The parameter estimate for the first contrast compares the mean of the dependent
variable, **write**, for levels 1 and 2 yielding 11.5417 and
is statistically significant (p<.000). The t-value associated with this test
is 3.5122. The results of the second
contrast, comparing the mean of **write** for levels 1 and 3. The expected
difference in variable **write** between group 1 and 3 is 1.7417 and is not
statistically significant (t = 0.6374, p = .5246), while the third contrast is
statistically significant. Notice that the intercept corresponds to the cell
mean for **race** = Hispanic group.

The results of simple coding are very similar to dummy coding in that each level is compared to the reference level. The difference in the regression output between dummy coding and simple coding scheme is in the intercepts. In the dummy coding scheme, the intercept corresponds to the cell mean of the reference group, while in the simple coding scheme, the intercept corresponds to the mean of cell means.

In our example below, level 1 is the reference level
and **race.f1** compares level 1 to level 2, **race.f2** compares level 1 to level
3, and **race.f3** compares level 1 to level 4. For **race.f1** the coding is
3/4 for level 2, and -1/4 for all other levels. Likewise, for **race.f2** the coding is 3/4 for level
3, and -1/4 for all other levels, and for **race.f3** the coding is 3/4 for level 4, and -1/4
for all other levels. The general rule is that the reference group is never coded anything but -1/4 and for
each contrast the level that is being contrasted is coded 3/4. Thus, for the first contrast
it is level 2 which is coded 3/4 and all other level are -1/4. Since there are four groups and the values
have to add to one there must be three levels coded as -1/4 and one level as 3/4.

SIMPLE Coding

Level of race | race.f1 (1 vs 2) | race.f2 (1 vs.3) | race.f3 (1 vs. 4) |

1 (Hispanic) | -1/4 | -1/4 | -1/4 |

2 (Asian) | 3/4 | -1/4 | -1/4 |

3 (African American) | -1/4 | 3/4 | -1/4 |

4 (Caucasian) | -1/4 | -1/4 | 3/4 |

Below we show the more general rule for creating this kind of coding scheme
using regression coding, where k is the number of levels of the categorical
variable (in the case of the variable **race.f** k = 4).

SIMPLE Coding

Level of race | level 1 vs. 2 | level 1 vs. 3 | level 1 vs. 4 |

1 (Hispanic) | -1 / k | -1 / k | -1 / k |

2 (Asian) | (k-1) / k | -1 / k | -1 / k |

3 (African American) | -1 / k | (k-1) / k | -1 / k |

4 (Caucasian) | -1 / k | -1 / k | (k-1) / k |

Let's create the contrast matrix manually using the scheme shown above. Essentially, the difference between the dummy coding scheme and the simple coding scheme is a constant matrix whose each element is 1/k if our categorical variable has k levels.

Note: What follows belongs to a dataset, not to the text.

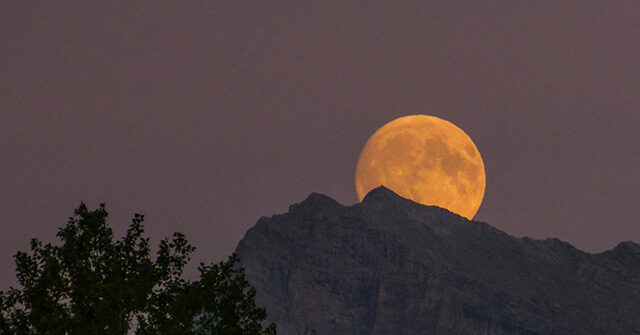 full-‘harvest’-moon-and-partial-lunar-eclipse-will-awe-viewers-tuesday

#creating the contrast matrix manually by modifying the dummy coding scheme c<-contr.treatment(4) my.coding<-matrix(rep(1/4, 12), ncol=3) my.simple<-c-my.coding my.simple

2 3 4 1 -0.25 -0.25 -0.25 2 0.75 -0.25 -0.25 3 -0.25 0.75 -0.25 4 -0.25 -0.25 0.75contrasts(hsb2$race.f)<-my.simple summary(lm(write~race.f, hsb2))Residuals: Min 1Q Median 3Q Max -23.06 -5.458 0.9724 7 18.8 Coefficients: Value Std. Error t value Pr(>|t|) (Intercept) 51.6784 0.9821 52.6191 0.0000 race.f1 11.5417 3.2861 3.5122 0.0006 race.f2 1.7417 2.7325 0.6374 0.5246 race.f3 7.5968 1.9889 3.8197 0.0002 Residual standard error: 9.025 on 196 degrees of freedom Multiple R-Squared: 0.1071 F-statistic: 7.833 on 3 and 196 degrees of freedom, the p-value is 0.00005785

The interpretation of this output is almost the same as for the case of
dummy coding. The difference lies in the intercept.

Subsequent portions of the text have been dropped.